*** Dataset extract ***
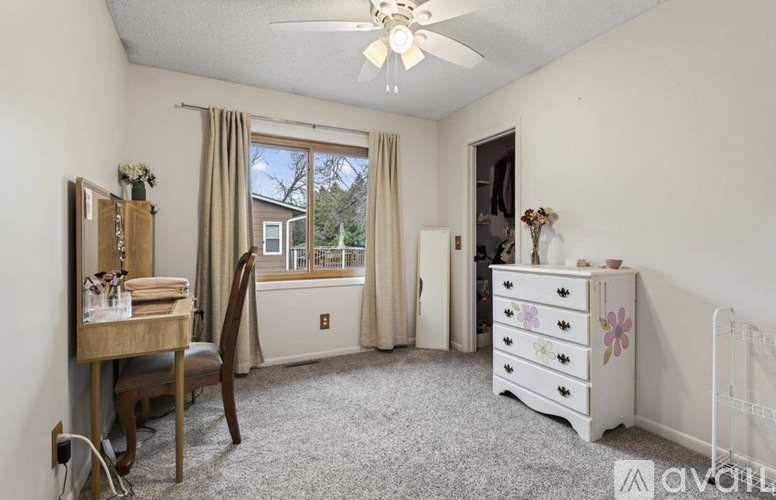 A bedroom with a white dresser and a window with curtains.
*** End of Dataset extract ***
*** Dataset extract ***
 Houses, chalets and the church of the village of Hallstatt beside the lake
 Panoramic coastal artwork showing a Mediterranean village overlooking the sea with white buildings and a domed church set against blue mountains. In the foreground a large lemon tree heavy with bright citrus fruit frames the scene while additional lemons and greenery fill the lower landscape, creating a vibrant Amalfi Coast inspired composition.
*** End of Dataset extract ***
◆ Task
Copy every line of the listing containing the string "church".

◆ Solution to this problem
 Houses, chalets and the church of the village of Hallstatt beside the lake
 Panoramic coastal artwork showing a Mediterranean village overlooking the sea with white buildings and a domed church set against blue mountains. In the foreground a large lemon tree heavy with bright citrus fruit frames the scene while additional lemons and greenery fill the lower landscape, creating a vibrant Amalfi Coast inspired composition.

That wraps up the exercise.